Les Castagnettes de Carmen # 28

Barbe-bleue de Jacques Offenbach à l’Opéra de Lyon du 14 juin au 5 juillet

 

Après un déplacement aux environs du légendaire Teatro Colón de Buenos Aires — où l’on a pu assister à une Turandot à la direction (de Christian Badea) énergique mais à l’interprétation inégale —, revenons à Lyon où se donne Barbe-bleue d’Offenbach. La légèreté, coutumière lors des fins de saison de l’Opéra de Lyon, est de rigueur dans ce pastiche drolatique du conte de Perrault. L’œuvre sent son Second Empire à plein nez, ce qui signifie à la fois la garantie d’un divertissement relaxant mais aussi beaucoup de facilités, tant dans le livret que dans la musique, parfois répétitive (1) mais bien servie par la direction de Michele Spotti.

Résumons l’intrigue : Barbe-bleue (Yann Beuron) vient de se débarrasser de sa cinquième épouse et, tout en songeant déjà vaguement à la septième, charge Popolani (Christophe Gay) de recruter la sixième parmi les jeunes filles les plus vertueuses du village.

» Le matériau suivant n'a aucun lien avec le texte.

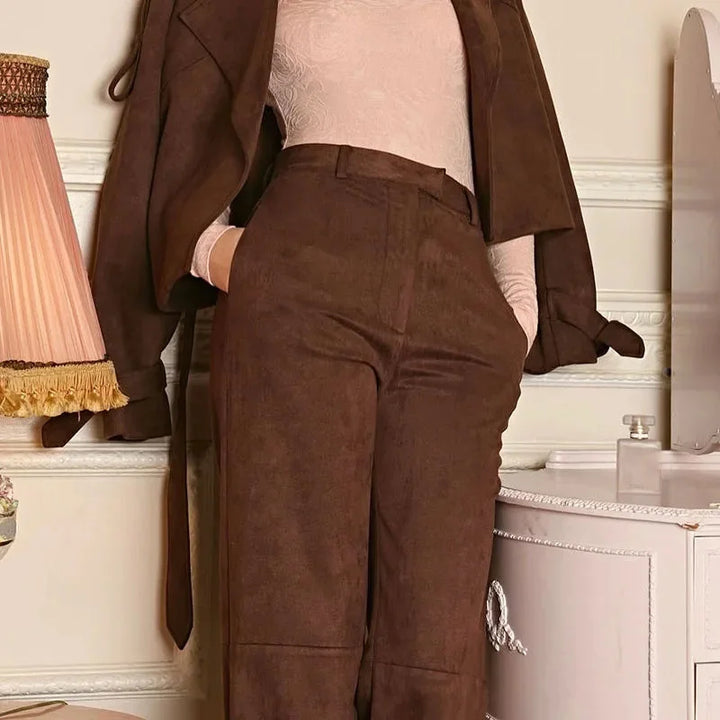 Louise | Ensemble Femme Veste Ceinturée Pantalon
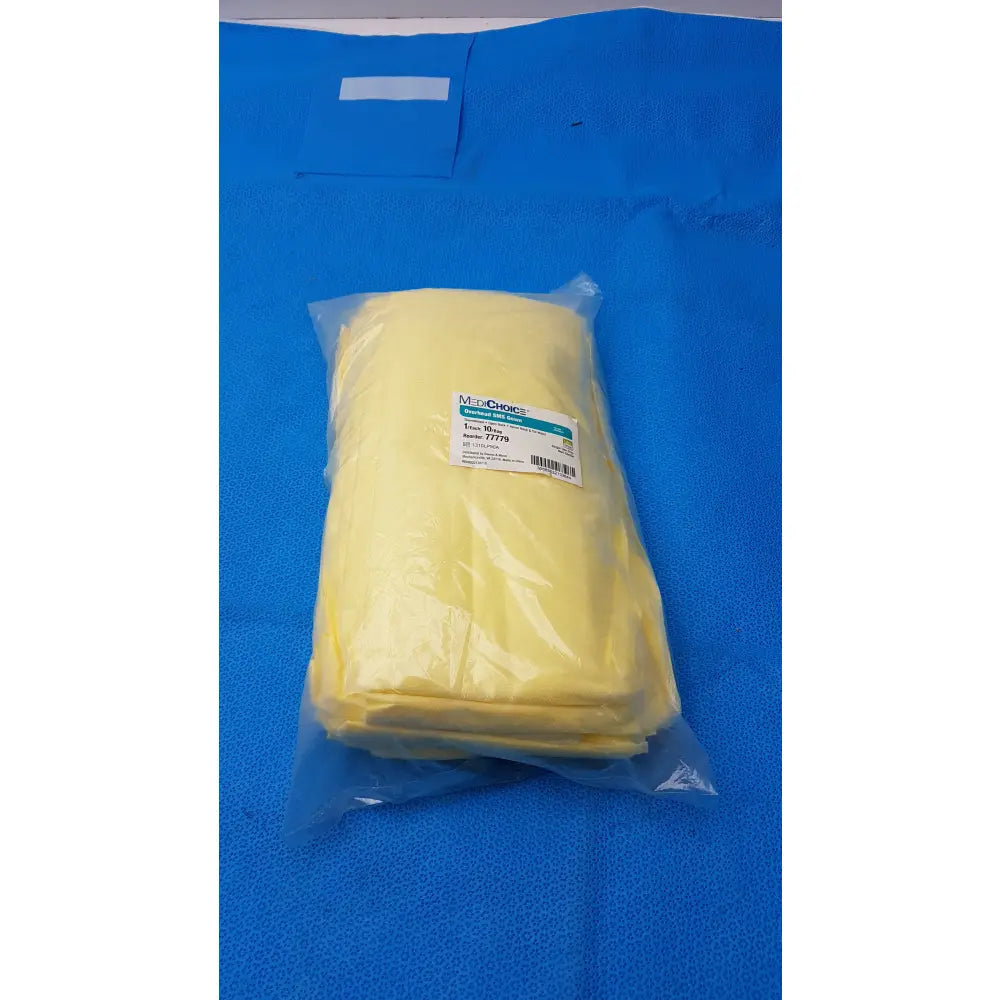 MediChoice Yellow Overhead SMS Isolation Gowns Size Large 10-Pack (Reorder 77779) - Isolation Gowns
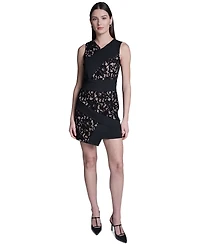 Bcbg Women's Lace Crepe Combo Mini Dress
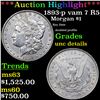 Image 1 : ***Auction Highlight*** 1893-p vam 7 R5 Morgan Dollar $1 Grades Unc Details (fc)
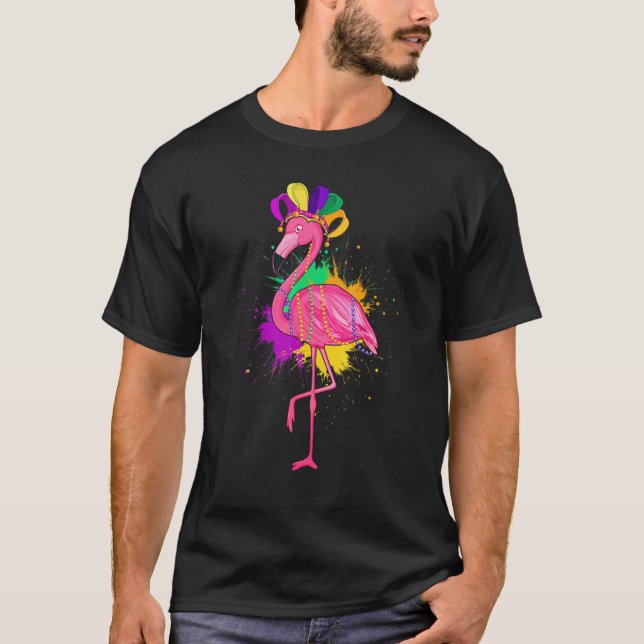 T-shirt Pink Flamingo Mardi Gras Cute Animals Carnivals Fe (Devant)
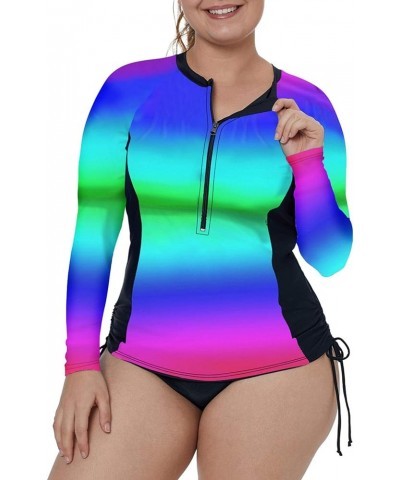 Women's Plus Size Zip-Front Multicolor Striped Long Sleeve Tankini Rashguard Top XL-4XL Blue2 $10.75 Swimsuits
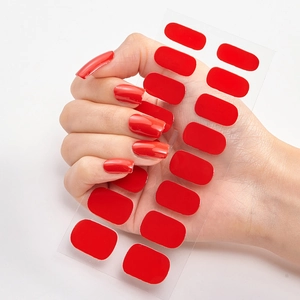 Einfarbige rote Nagelfolien zum Aufkleben für Frauen mit glänzendem Finish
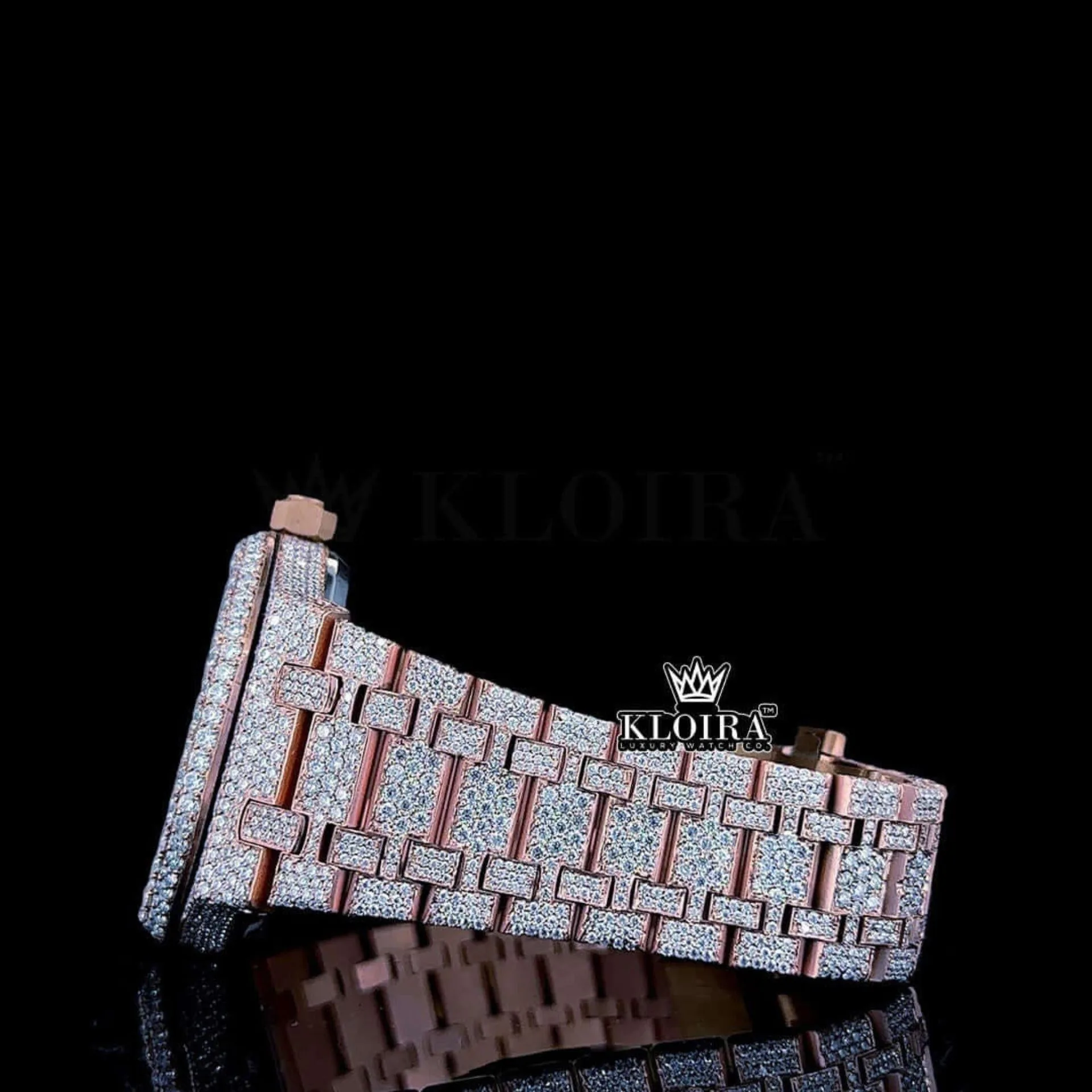 Black Stick Markers Dial Rose Gold Fully Iced Out Natural Diamond Watch Left Side View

Le tirage au sort désigne Boulotte (Héloïse Mas), que personne n’égale « dès qu’il s’agit de batifoler » et dont le physique avantageux s’attire l’admiration immédiate de Barbe-Bleue (« c’est un Rubens »). Mais ce dernier se lasse (très) vite de sa nouvelle compagne et convoite rapidement la fille du roi Bobeche (Christophe Mortagne), Fleurette (Jennifer Courcier), autrefois abandonnée mais retrouvée parmi les villageoises. Cette dernière est quant à elle amoureuse du prince Saphir (Carl Ghazarissian) qui s’était déguisé en paysan. Pas plus qu’il n’a exécuté les précédentes épouses de son maître, Popolani ne consent à faire mourir Boulotte qui, dans un retournement final, démasque Barbe-bleue, lequel se résigne à vivre avec elle. La « Cantate n° 22 » peut retentir dans un hyménée général puisque ce sont sept couples qui convolent in fine.

L’opéra est tout entier organisé autour du faux : la rosière est une dévergondée notoire ; Fleurette et Saphir ne sont pas paysans mais d’extraction princière ; les épouses de Barbe-bleue ne sont pas davantage mortes que les courtisans dont Bobeche a exigé l’exécution… La courtisanerie s’étale dans toute sa bassesse et le roi se réjouit de voir ses flagorneurs courbés chaque jour plus bas que la veille… Il faut bien sûr y lire une expression de l’hypocrisie de la société bourgeoise du Second Empire mais celle-ci pourrait bien, à 150 ans de distance, se retourner contre l’œuvre elle-même : la tonalité de Barbe-bleue a beau être grivoise, la pièce ne s’en achève pas moins par la célébration de sept mariages simultanés. Dommage également que soit imposé à la talentueuse Héloïse Mas un texte, aujourd’hui pénible, supposé traduire la vulgarité et l’ignorance prêtées par les librettistes aux jeunes femmes de la campagne.

Sans égaler le délire de son Roi carotte (reprogrammé la saison prochaine), la mise en scène de Laurent Pelly (appuyée par l’adaptation d’Agathe Mélinand) donne un beau dynamisme à l’ensemble, notamment par la subtile coordination et la mobilité constante des interprètes. Les décors de Chantal Thomas accentuent les contrastes (la cour de ferme, le salon princier, le tombeau des épouses de Barbe-bleue) tout apportant une légère touche critique (via des couvertures géantes de presse people). La lecture de l’œuvre ainsi proposée parvient à instaurer une distance avec son contexte originel suffisante pour qu’on trouve plaisir à ce qui reste une grosse farce. Qu’il parvienne à nous faire apprécier un plat aussi gras par temps de canicule est la preuve du talent de Laurent Pelly.

Carmen S.

1. Pas au sens de Terry Riley (accueilli l’automne dernier au même Opéra de Lyon), hélas.